Semantic refinement explains why simple summary memory is insufficient: the more summaries merge, the more abstract they become, losing user preferences and entity relationships necessary for precise evidence.

Limitations & Future Work¶

Recurrence triggering relies on static thresholds \(\theta_{sim}\) and \(\theta_{count}\); different domains or interaction densities might require hyperparameter tuning.
Using recurrence as a salience proxy might miss important one-off information, such as unique deadlines, medical alerts, or contract terms. Although the subconscious memory retains the original text, it will not actively form higher-level memory entries.
The 10/5/10 retrieval budget and three-layer structure proved effective on current benchmarks but might need validation in multi-user, multi-modal, or tool-execution log scenarios.
Future work could involve adaptive triggering: dynamically adjusting thresholds based on user behavior, task type, or risk level instead of using fixed values.

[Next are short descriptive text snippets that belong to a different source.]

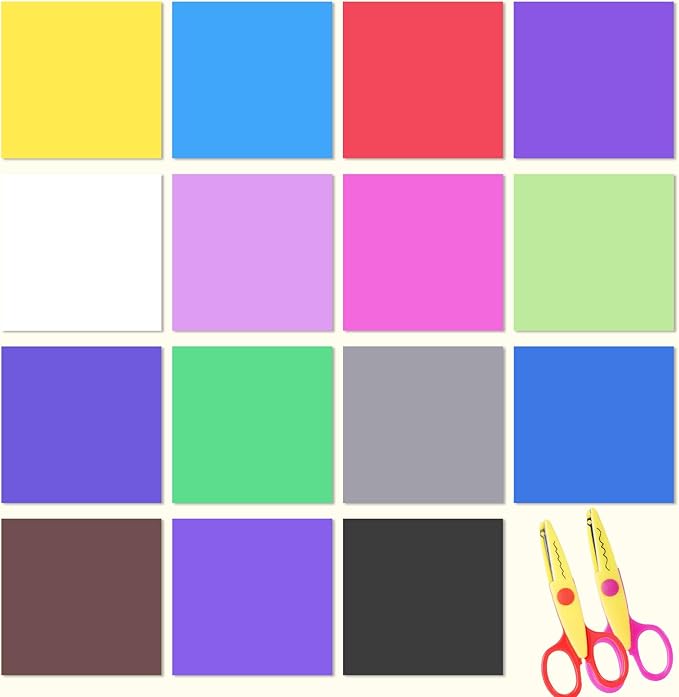 UCEC 36 Pack Craft Scissors - Decorative Edge, Zig Zag, Scrapbooking, Fancy, Pattern Scissors for Crafting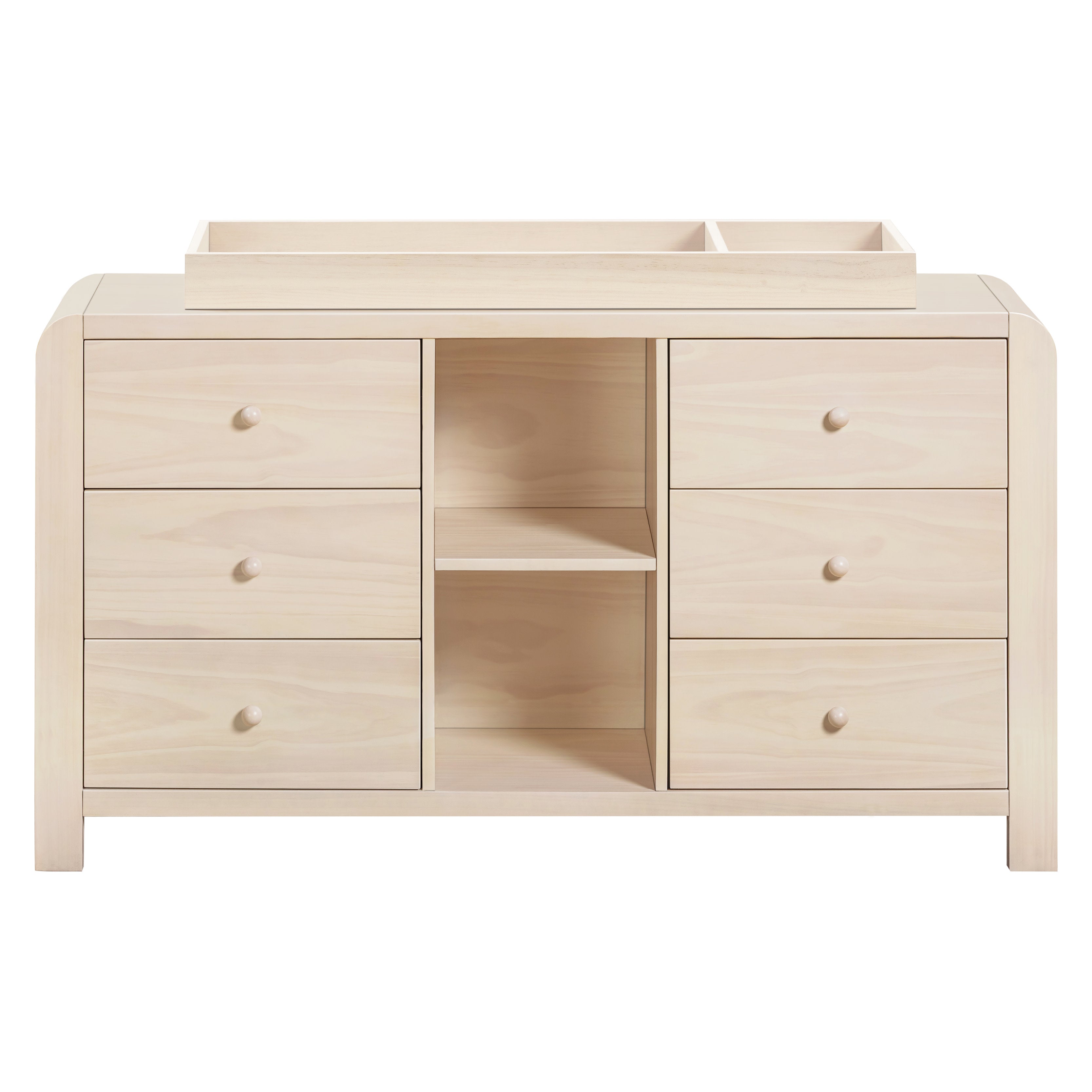 Babyletto TipToe 6-Drawer Extra Wide Dresser with Cubbies (62")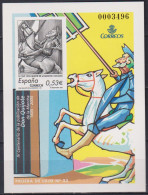 Girostamps.- PRUEBA DE LUJO Nº 23 DON QUIJOTE IV CENTENARIO DE LA PUBLICACIÓN DE DON QUIJOTE - Full Sheets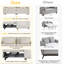 2 Seater Linen Sofa Bed-896693827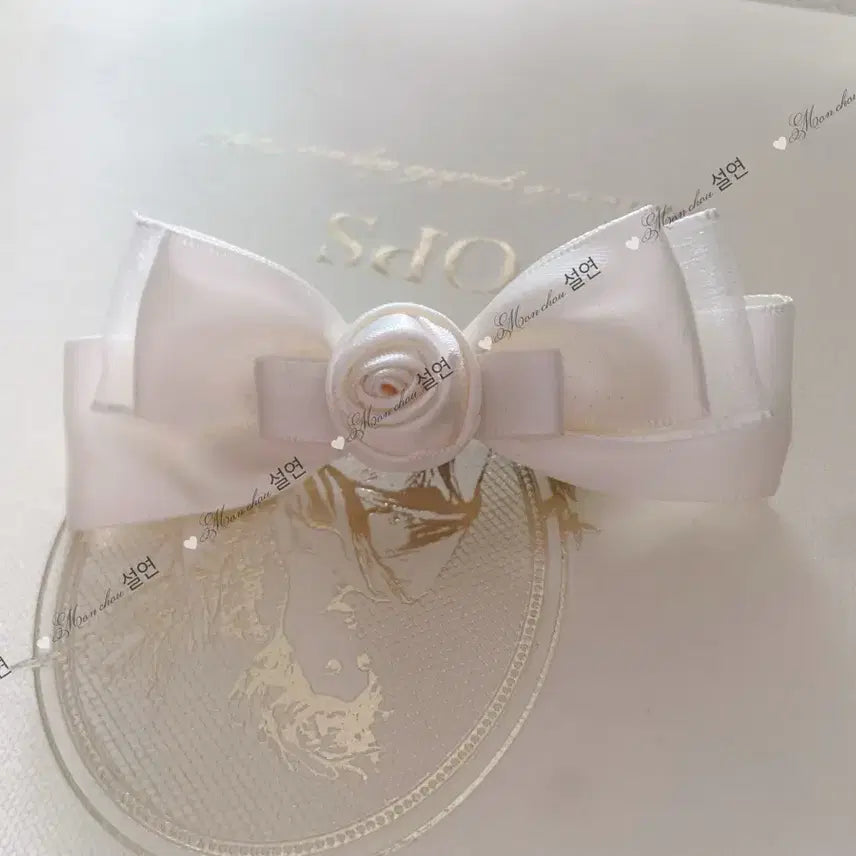 [BUNJANG] French Rococo Ivory Ribbon Flower Hairpin / 1개 / 아이보리 Antique/silk / 1개  10cm프렌치 로맨틱 궁정 로코코아이보리 리본 꽃 헤어핀 1개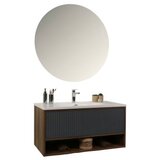 Hanah home Kupatilski ormarić sa umivaonikom i ogledalom (2 komada) Elegant Miling Hrast | Eponuda.com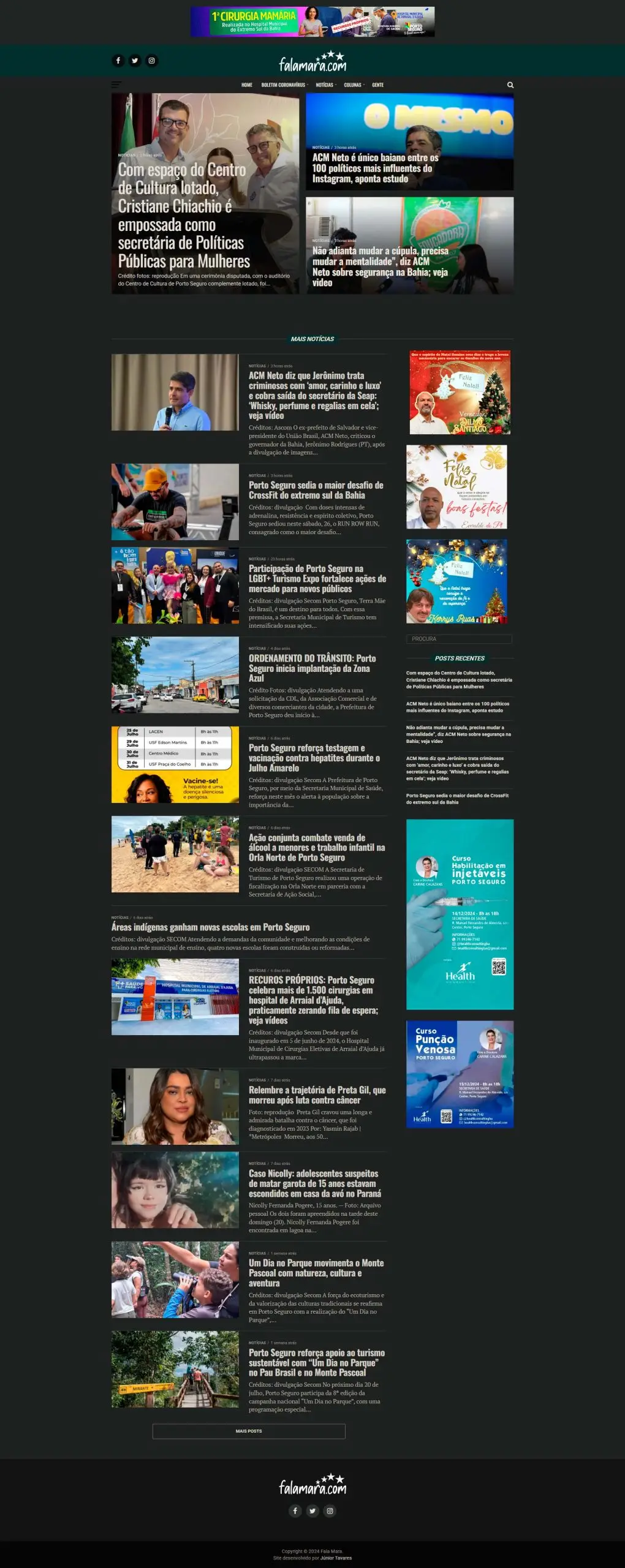 Site – Fala Mara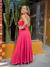 Vestido Mar aberto longo amplo vinho na internet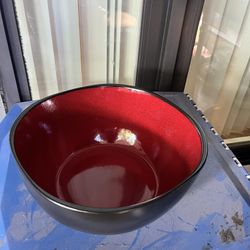  Mixing Bowl- Black/ Red Ceramic and One Glass Bowl- Dishwasher and microwave safe. Great for snacks or just looking pretty!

vs Mem0: Mem0 tends to extract interactions into atomic facts and update them continuously; RecMem delays this step, performing extraction only after a topic recurs.
vs A-Mem: A-Mem organizes interactions using Zettelkasten-like notes and links; RecMem emphasizes cost control and recurrence triggering in streaming writes.
vs MemoryOS: MemoryOS uses hierarchical memory to simulate OS-style management; RecMem's three-layer structure is simpler and achieves better cost-performance by dividing responsibilities between subconscious, episodic, and semantic layers.
Insight: Long-term agents do not need to summarize all interactions into "permanent memory" immediately; establishing a cheap, retrievable buffer layer for delayed consolidation is more efficient.

Rating¶

Novelty: ⭐⭐⭐⭐☆ The idea of recurrence-triggered consolidation is clear and effective; it is more of a paradigm shift than a complex model innovation.
Experimental Thoroughness: ⭐⭐⭐⭐☆ Covered two long-memory benchmarks, two LLM backends, multiple memory systems, and ablations. Real-world online deployment analysis could be strengthened.
Writing Quality: ⭐⭐⭐⭐☆ Motivation is smooth, the three-layer structure is clearly explained, and the cost metrics are persuasive.
Value: ⭐⭐⭐⭐⭐ High practical value for long-term agent memory system design, especially in scenarios where token costs are a core evaluation metric.